Champion of My Garden!
Today I saw two roadrunners dart out from the brush and back in. I was touched to see that there were two of them as usually I only see one. That launched me into praying for marriages. There is one couple very close to me who are in crisis after 22 years of marriage. Yesterday, there was a truly hopeful report, which set my heart leaping with gladness and joy for answered prayer.
I HATE Snails!
My mind went to the fact that roadrunners like to eat snails. Several years ago when snails and slugs were consuming my newly planted garden, I bemoaned the situation and asked the Lord why “on God’s green earth” He made them? As for me, they aren’t any good at all except to eat with lots of butter and garlic. Of course! Snails and slugs are part of the food chain. So, Lord, why have you blessed me with so many?
We have a local roadrunner that only visits sometimes. I sure wish he’d stay longer!
Did You Know
- Most land snails eat plants and other vegetation.
- Snails also eat algae and decaying matter and are an important part of the food web.
- A garden snail has thousands of tiny teeth.
- Thousands of tiny teeth are located on a ribbon like tongue and work like a file and rip the food to bits.
- Snails can gnaw through limestone.They eat the little bits of chalk in the rock which they need for their shells.

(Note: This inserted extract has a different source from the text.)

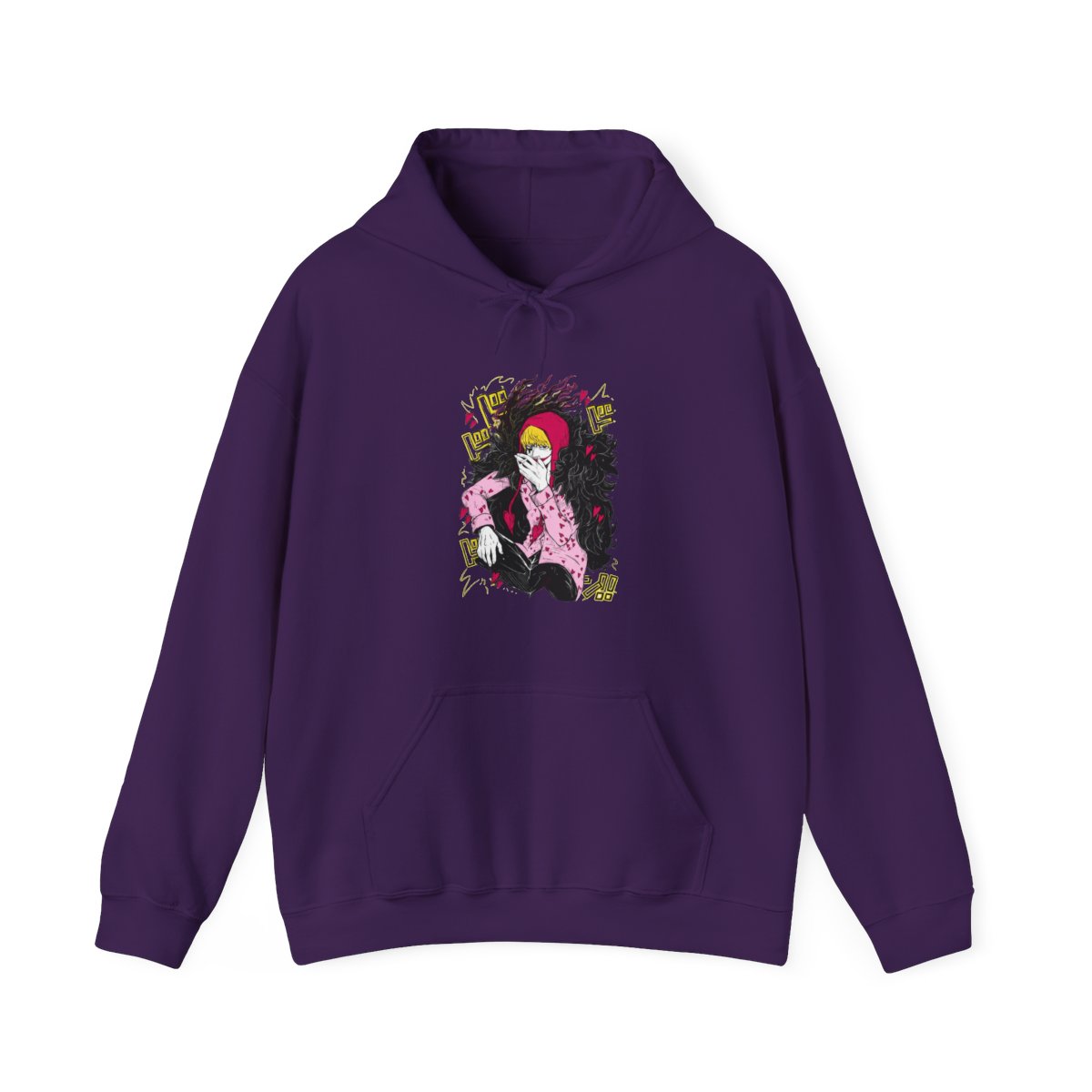 Corazon Hoodie One Piece Anime Donquixote Rosinante - alternate angle 5, merchandise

- Some varieties of snails can destroy whole orchards and gardens when there are large groups of them.
- Well-adapted to arid habitats, the greater roadrunner has glands near its eyes that it uses to secrete excess salt.
- It can survive without drinking water, as long as it consumes prey with high water content. The roadrunner’s diet includes insects, birds, lizards, snakes, gophers, mice, and a variety of fruit, all of which it finds on the ground.
- Occasionally two birds will hunt cooperatively to bring down larger snakes.
- It is an opportunistic bird, sometimes seen waiting near bird-feeders for prey to arrive.
- Though it spends much of its time on the ground, roadrunner nests are usually 3-15 feet above the ground in trees, shrubs, or cactus clumps.
I began to think of the pair of roadrunners as mothers and fathers. Through our prayers over our children and grandchildren, we “eat” the snails and slugs (work of the enemy) off our tender plants. Isn’t it interesting that they also eat snakes! I love the fact that roadrunners are usually 3 to 15 feet above the ground… the nearer to heaven the more productive on the earth!